I do like the swirl.


----------



## Gary Max (Apr 3, 2010)

Heck-------does that mean your going to raise the price of the blanks you have for sale??????????
I have never seen that color combination before--------I would be very proud of it also.
For all you folks who keep asking how do you get top money for a pen----this is your answer.


----------



## BRobbins629 (Apr 3, 2010)

Nice either way. Maybe in another 60-80 years, the pen will turn back to butterscotch.


----------



## Rfturner (Apr 3, 2010)

I love that combination. That looks great. I think that if it was butterscotch it would have over powered the pen components a little.


----------



## Toni (Apr 3, 2010)

Gorgeous Color!!


----------



## Stevej72 (Apr 3, 2010)

Beautiful pen!


----------



## OKLAHOMAN (Apr 3, 2010)

Thanks all for the positive comments. Gary I gave it some thought but instead of raising the price I just might close the ad.

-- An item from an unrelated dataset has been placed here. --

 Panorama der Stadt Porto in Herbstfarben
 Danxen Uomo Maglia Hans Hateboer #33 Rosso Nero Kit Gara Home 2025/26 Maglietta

Wait till you see what they look like with the blanks painted.:biggrin::wink::wink::tongue:....


----------



## JimB (Apr 3, 2010)

What a nice surprise you had. Beautiful pen.


----------



## CaptG (Apr 3, 2010)

Another tremendous looking creation.  Keep 'em coming Roy.


----------



## Ligget (Apr 3, 2010)

Awesome pen Roy, kit and blank marriage is perfect!


----------



## hewunch (Apr 3, 2010)

nice work. Can't wait to see a painted one.


----------



## Jgrden (Apr 3, 2010)

OKLAHOMAN said:


> You never know what your getting when acquiring some 60-80 year old Bakelite. I thought I had Butterscotch swirl but after turning off the old patina it was a beautiful creamy white swirl:biggrin:. The pen is make from the rod of bakelite its sitting on. Painting the inside of the blank after drilling would give it some great effects. All comments welcome, good, bad or ?
> Let this pen





let this pen set for 80 years to see if it turns butterscotch.


----------



## boxerman (Apr 3, 2010)

Very nice pen


----------



## NewLondon88 (Apr 4, 2010)

LOL .. Nice to be able to see how it will age over time..
.. wouldn't be embarrassed to put that in my pocket.. not at all!


----------



## skiprat (Apr 4, 2010)

I think it looks better now and a better match to the kit too. Looks like the classic Wedding Pen. 
How deep was the dirt/patina? I might be inclined to try and seal the fresh colour with CA.
Looks really beautiful Roy:biggrin:


----------